# Found a boat in my pond....



## bassmanmark

Bought property with a 1.25 acres pond on it this Feb. Spent most of the spring looking at a dirty mess of a pond. After the monsoon passed...I had suspended clay particles and figured out how to fix that. Now with the heat we have had and the pond depth dropping 5inches and my pond now clear...I found a 12ft might be 14ft fiberglass boat in one of the shallow bays. I think it's a 1958 Sea King made by Montgomery Ward. Much to heavy for me to drag out completely but I was able to get it out of the water enough to look at the type of boat it is. I thought it was a dock or something until the steering wheel became visible today.


----------



## [email protected]

That's a cool find. Hopefully it's salvagable. I guess worse case it would make an interesting flower bed/conversation piece.


----------



## sherman51

if it doesnt float you could just put it back and use it for cover for the fish. they will owe you there life,LOL.
sherman


----------



## kingfisher42

wow. post some pics


----------



## jennis9

if you do get it out - take some pics, interesting to see what you found. 

here's an interesting thread about adding fishing structure (if those fish get mad about their habitat being removed). 

Interesting... http://www.ohiogamefishing.com/community/showthread.php?t=165688&highlight=cement+block+fish+trees


----------



## creekcrawler

That's way better than finding a pond in your boat!


----------



## richard j

get some help and try to filp it over on its side with it still somewhat in the water. it will come out much easier and the water will be able to drain at the same time. +1 more for posting some pictures.


----------



## bassmanmark

Imma picture posting moron...I'll figure it out...but so far I have left it in there. Today I was fishing right next to it and a baby deer came walking down the bank right to me. I think it was cooling off. It got about 7ft from me froze then ran back down the bank...jumped out...ran across my driveway and into the tall grass. I think I'm just gonna leave it in there.


----------



## jennis9

Here's a link I found to some of the ads on that boat - if it is a sea king one if these might be it...
http://www.fiberglassics.com/library/Sea_King

I wonder if there's a motor somewhere as well - fun to think about why it's there - might have been one fun michevious night!


----------



## bassmanmark

It's the color of that yellow one from 1961. I can only imagine what use to happen back there. I have found lots of film of lots of naked chicks on the property. None of them are developed just on the old school film still. But I held them up to light and...wow...there are some large boobs on there and the girls are actually pretty dang hot.


----------



## PhishFish

bassmanmark said:


> It's the color of that yellow one from 1961. I can only imagine what use to happen back there. I have found lots of film of lots of naked chicks on the property. None of them are developed just on the old school film still. But I held them up to light and...wow...there are some large boobs on there and the girls are actually pretty dang hot.

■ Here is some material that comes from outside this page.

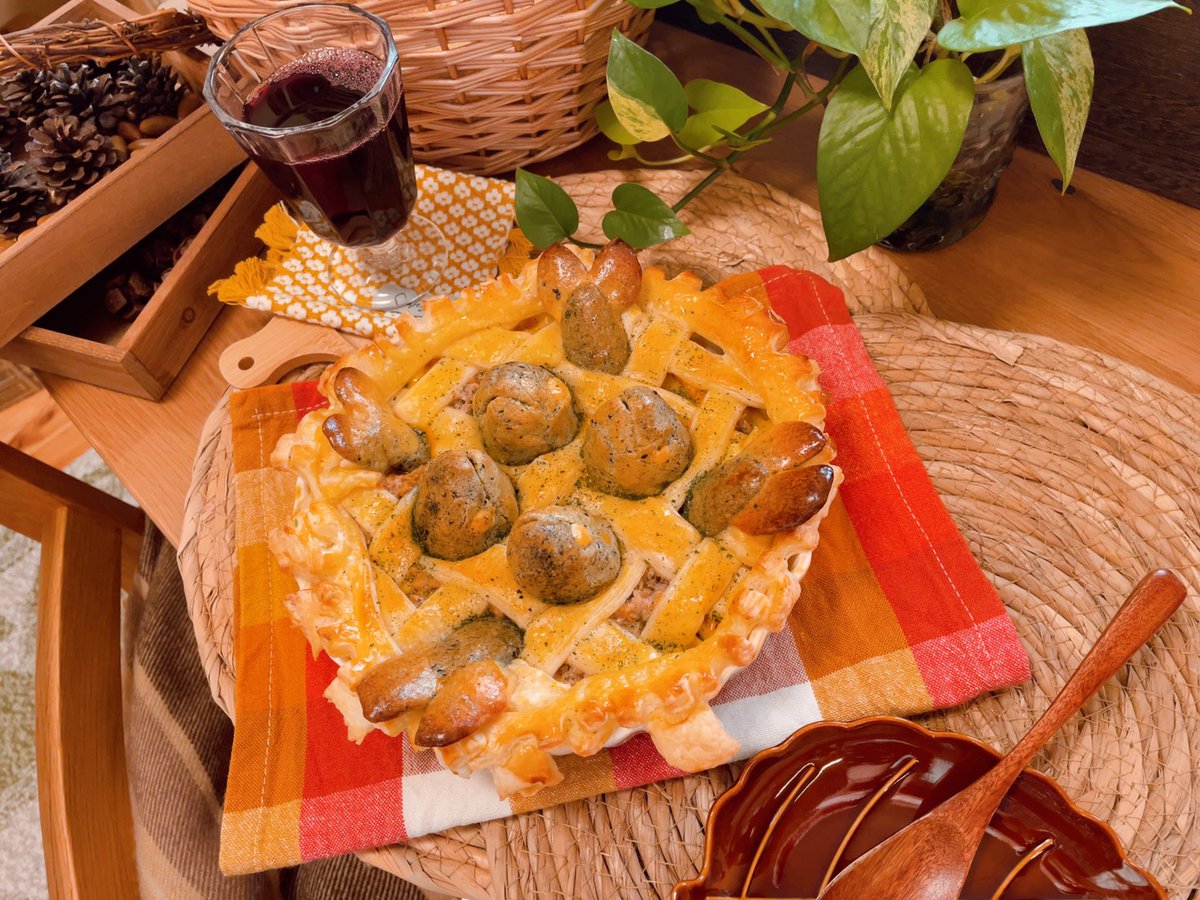 スターゲイジーパイとはどんな味？気になる見た目の理由や食べ方食・料理オリーブオイルをひとまわし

This is the coolest non-fish post I've ever read on OGF. You own an old hippie farm.


----------



## 419deerhunter

bassmanmark said:


> It's the color of that yellow one from 1961. I can only imagine what use to happen back there. I have found lots of film of lots of naked chicks on the property. None of them are developed just on the old school film still. But I held them up to light and...wow...there are some large boobs on there and the girls are actually pretty dang hot.


Hell with the boat pics post these one instead  j/k.....maybe


----------



## fish on!

bassmanmark said:


> It's the color of that yellow one from 1961. I can only imagine what use to happen back there. I have found lots of film of lots of naked chicks on the property. None of them are developed just on the old school film still. But I held them up to light and...wow...there are some large boobs on there and the girls are actually pretty dang hot.


I'll just leave this here.


----------



## bassmanmark

Any ideas of where I should get those developed? I checked again...some have big ones...some have small...all are good looking...I think...haven't made it up much past the neck. But seriously where can I take them...I'll post if allowed. Some special "found pics on my trail cam" post?


----------



## jennis9

wow, this thread took a turn to the unexpected: boats to boobs.... personally, I'd rather see the boat.


----------



## bassmanmark

With the rain we had my pond has some color and gained 8 inches of height...soooo....pictures of boat will be tough...it's back underwater. As it was I was about 2 inches from wader height. But the boat pics will be on here. Might just attach rope to cleat and pull it out with my truck. Would be neat to clean it up and that is kind of up my alley.


----------



## jennis9

theres a curved windshield on craigslist -- snag it up -- they're hard to come by... i really hope you can do it bassman, that would be awesome. look on iboats restoration forum, think someone had done one a while back. some of those boats come out awesome!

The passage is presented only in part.